Posted at 6:28 PM, May 11, 2017
and last updated 2017-05-11 18:28:11-04

A new Quinnipiac University Poll out this week took after the Republicans in the House passed the American Health Care Act showed the level of the nation's issues with Congress with 71 percent disapproving of the jobs Republicans are doing and 58 disapproving of Democrats.

On the question of which party would you like to see controlling Congress, 54 percent said Democrats and 38 percent said Republicans. That 16 point difference was the greatest spread according to Quinnipiac they'd ever recorded topping a previous high of just five percent for the GOP in 2013.

While Democrats are expected to make gains in 2018 don't look for any of those pickups to come from Ohio. The website 270toWin which rates the house seats has 15 of Ohio's 16 as safe with the only question mark hanging over Steve Chabot's 1st District but even that seat is listed as "likely" Republican.

That's because Ohio's seats, drawn since 1967 by a five-member commission made up of the Governor, Auditor, Secretary of State (all Republicans in 2011) along with a commissioner chosen by the Speaker of the House along with his or her's party leader in the Senate and the last chosen by the House minority leader in connection with that party's leader in the Senate.

The end result has been general election safe Congressional seats drawn to protect members even if the end result isn't the most sensible to the eye. Rep. Marcy Kaptur's (D-9th) seat resembles an ocean side Par 5 on a British links golf course stretching along Lake Erie from Cleveland to Toledo. "Maybe I should play it," joked Governor John Kasich.

Kasich is one of those calling for reform in Ohio and across the country to end the gerrymandering that has resulted in what he says in the political divide we have in the country right now.

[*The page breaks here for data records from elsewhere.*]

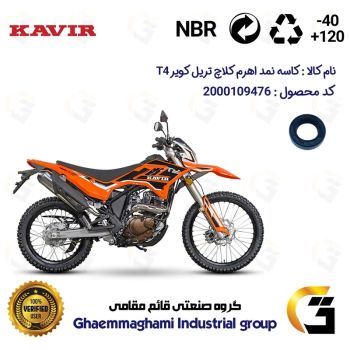 کاسه نمد اهرم کلاچ موتورسیکلت کد 110207 مناسب برای تریل کویر تی 4 KAVIR T4 200 کویر موتور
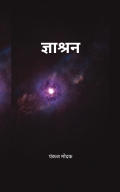 ज्ञाश्रन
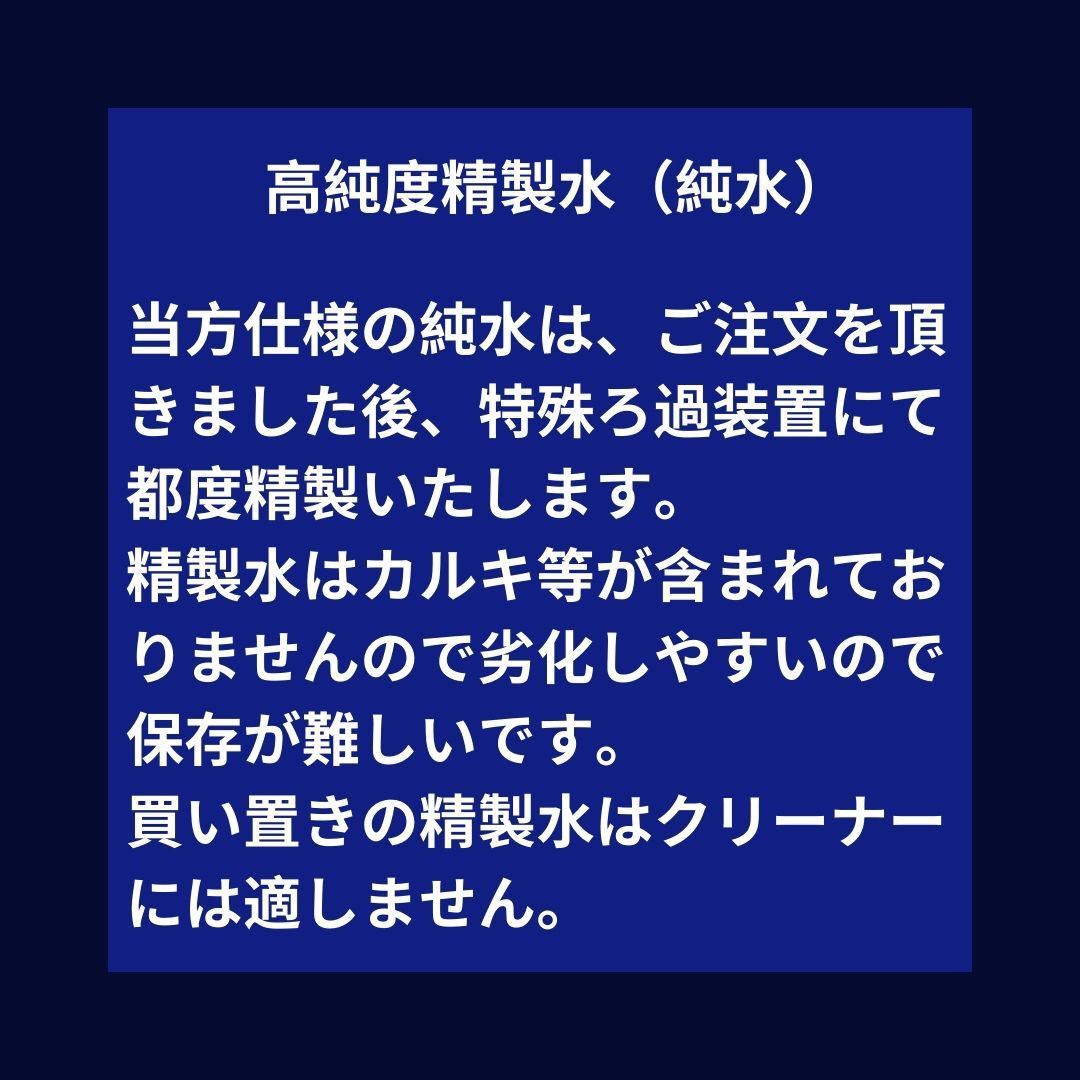 オイル除去性能UP 新バージョン登場【2本セット】【送料込】アルカリイオン！オイル除去ボールクリーナー ムースタイプ Ver.5 #m20023_画像3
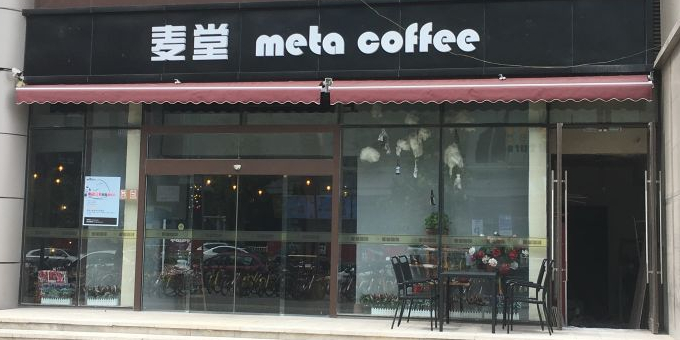 麦堂META音乐市啤吧(天津爱琴海购物中心店)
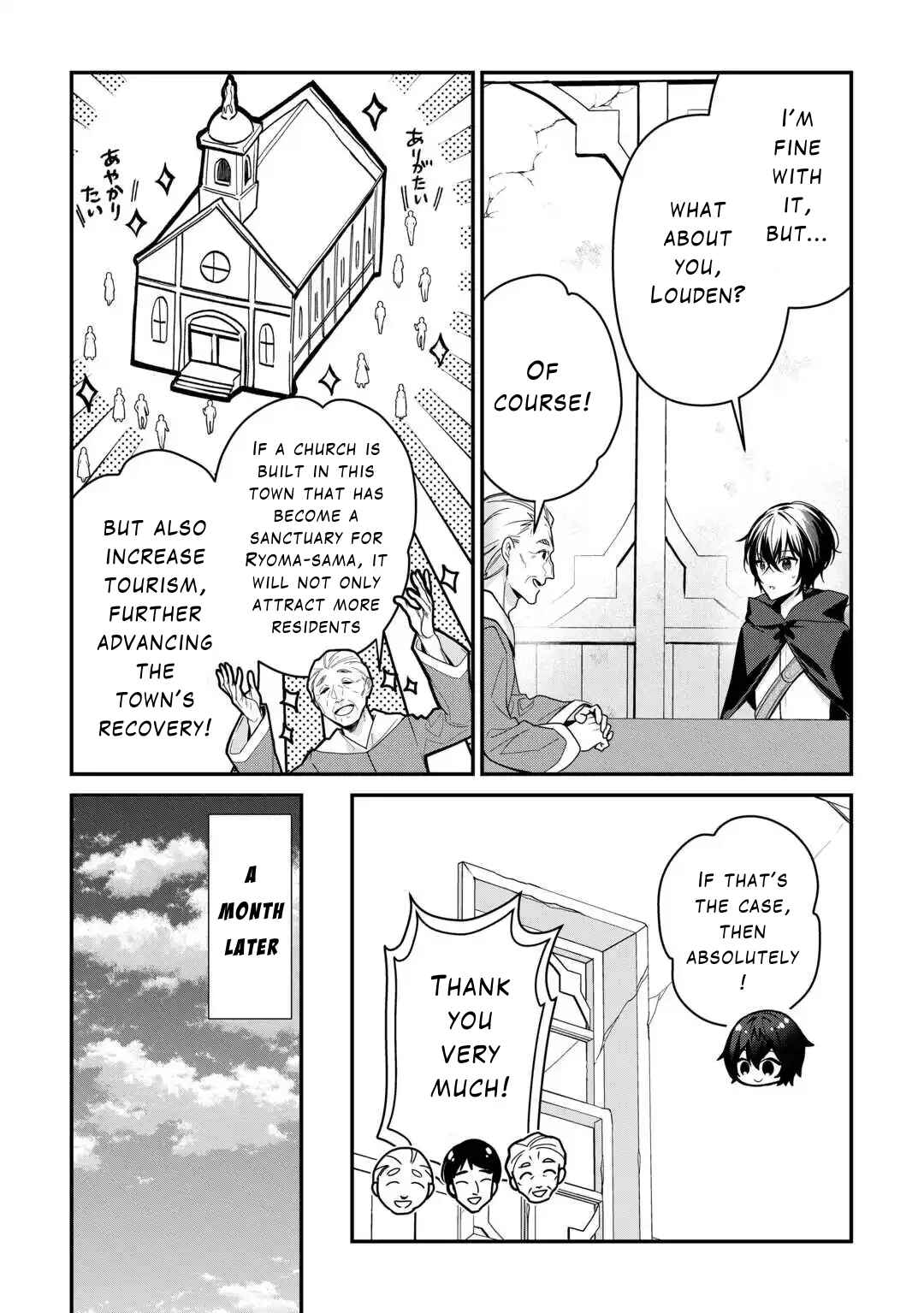 Page 18 Chapter 11 Shuzoku [Hanshin] na Ore wa Isekai Demo Futsuu ni Kurashitai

"I am absolutely in favor of the way we do redistricting so that both parties have to ascent to it so that the districts can become more fair," said Kasich. "In redistricting all it does is drive people to the extremes. If you're a Republican you worry about a primary from the right, if you're a Democrat you worry about a primary from the left. It just polarizes and pushes us out."

"Nothing get's fixed out here," Kasich said holding his hands apart. "You build from the middle and you push out you don't start out here and try to push in, it doesn't work."

Ohio State Senator Frank LaRose (R-Akron) is one of the driving forces behind a resolution to change the way the re-drawing of districts will take place in 2021 to make it more fair to both parties.

"The citizens of Ohio recognize that the winner takes all method of drawing district lines that has been in use for a long time in Ohio is not sustainable and not in the best interest of our democracy," he said.

"Senate Joint Resolution 3 creates a bi-partisan scenario where Republicans and Democrats have to sit down and roll up their sleeves and be statesmen and women about this," he said. Ohio voters approved a similar measure in 2015 for the redrawing of state legislative districts.

"I've had people ask me, 'you're a Republican, why would you want to change this process it's been to your party's benefit," LaRose said.

"I also view this as tough love for my party. I believe that Republicans will win elections because we have better candidates with better ideas for how we need our state and our nation. And I think that that's more sustainable than winning elections simply by drawing creative lines on a map."